Aussitôt frappé sur son verso d’un coup de tampon commémoratif :
Dieux tout puissants ! Que cet anniversaire s’annonçait grandiose ! Un coup d’œil sur le flyer que l’employée me remit…
Ouais, Seiya qui franchit les douze sanctuaires pour faire sa fête au grand Pope, c’est à peu de chose près la même chose ! me dis-je en mettant le plan dans mon sac, alors que nous entamions les premières foulées pour nous mener à la sixième station. Comme vous pouvez le voir sur le flyer, tranquille, l’étape. Du moins en théorie : 100 mètres d’ascension étalés sur 2400 mètres, à priori pas de quoi ramper d’épuisement. Et pourtant, alors que l’on s’est vus dépasser par un groupe de jeunes Français véloces se disant qu’apparemment, grimper en haut du mont Fuji, ça allait être du nanan, nous n’avons pas vraiment cherché à faire l’étape au pas de course. D’abord parce que partant à 19h pour arriver vers 4 heures du matin afin de voir le lever de soleil, on avait bien le temps.
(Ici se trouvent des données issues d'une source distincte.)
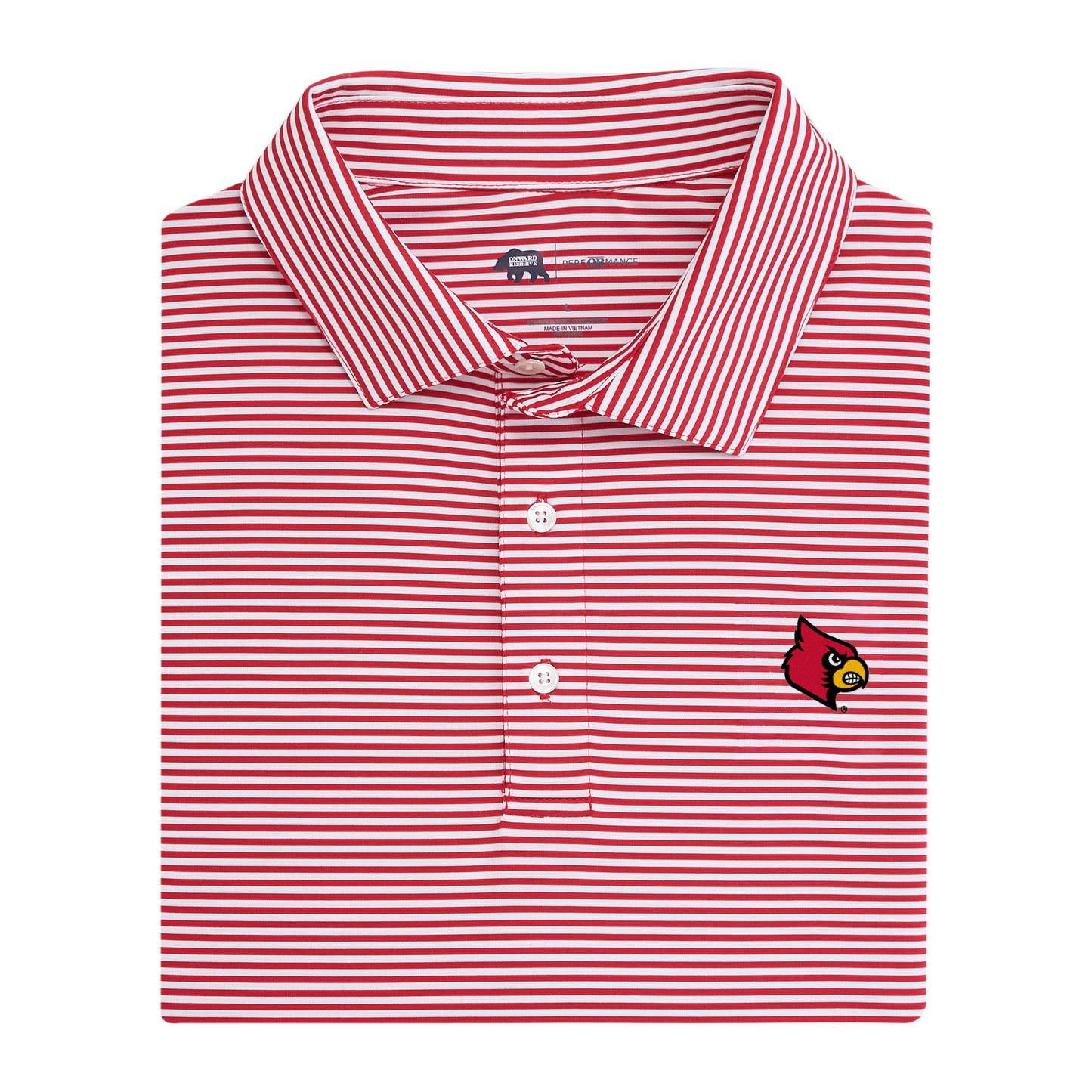 Louisville Cardinal Head Echo Stripe Performance Polo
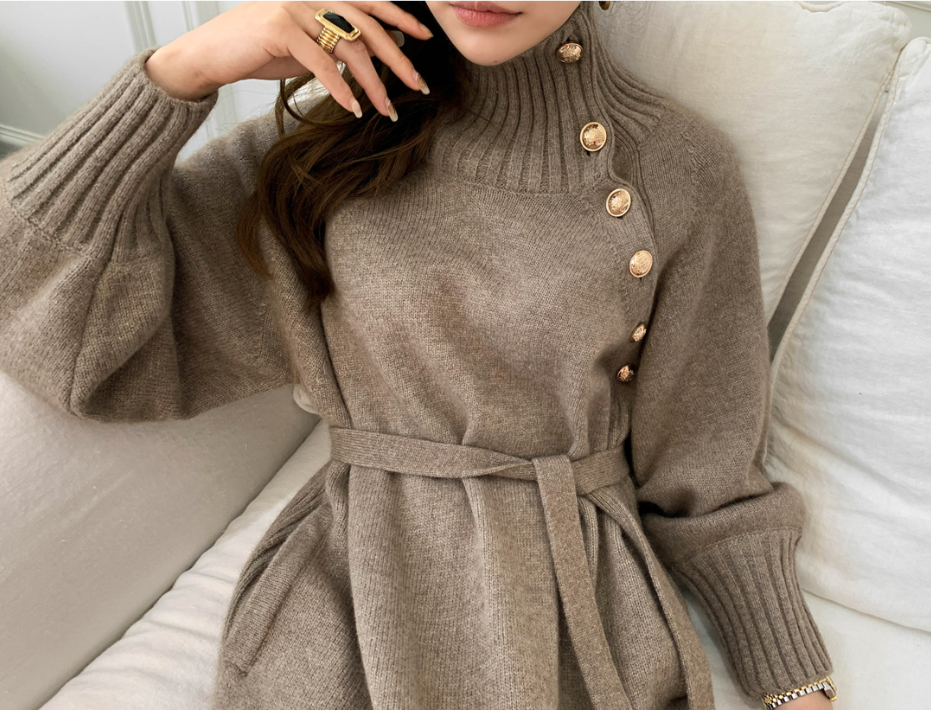 Korean Autumn Winter Retro Button Two-wear Sweater Dress Waist Knitted Dress Women Solid Color Fashion Turtleneck Long Sleeve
Ensuite parce qu’il faisait bon et qu’il était jouissif d’apprécier l’instant et de contempler la vue :
D’ailleurs, Castor joufflu retrouva sa belle humeur, estimant au passage qu’il préférait bien plus grimper le mont Fuji que monter en haut de l’ennuyeux Tokyo Sky Tree (qu’il allait amèrement regretter ces paroles !). Faucon sérieux opinait à ces paroles tandis que moi, Aigle majestueux, je me disais qu’il y avait là une certaine beauté à humer cet air pur en communion avec ma progéniture. Qu’importe si nous arrivions en retard en haut du sommet, cette excursion avait déjà tout de la victoire.
N’empêche… cent mètres d’ascension, environ quatre kilomètres effectués à 2300 mètre d’altitude, ça faisait déjà un peu transpirer, même en y allant doucement. Fort opportunément, en prévision de cette ascension nous avions emprunté à mamie Olrik, avant de venir en France, ses cannes de marche, qu’elle n’utilisait pas, et que Castor joufflu transportait dans son sac, les laissant crânement dépasser par l’ouverture (très « matez bien le trekkeur aguerri ! »). Alors que la première fatigue arrivait, c’était le moment de les en sortir. D’abord une pour chacun de mes fils ; moi, même si plusieurs mois auparavant j’avais été opéré du ménisque droit, je n’en voyais guère l’utilité (et ouais, je suis comme ça, moi !). Finalement, quelques centaines de pas plus loin, voyant que les cannes étaient surtout pratiques si elle étaient utilisées par une seule personne, ce fut Olrik the 3rd qui les utilisa, se sentant subitement pousser des ailes alors qu’il commençait à fatiguer un peu. Autour de nous, que ce soient les randonneurs que nous dépassions ou ceux qui nous doublaient, tout le monde avait l’air serein. Mince ! me dis-je, faudrait pas non plus que ce soit une promenade de santé ! Je veux souffrir un peu, moi ! J’aurais dû choisir un trail plus ardu !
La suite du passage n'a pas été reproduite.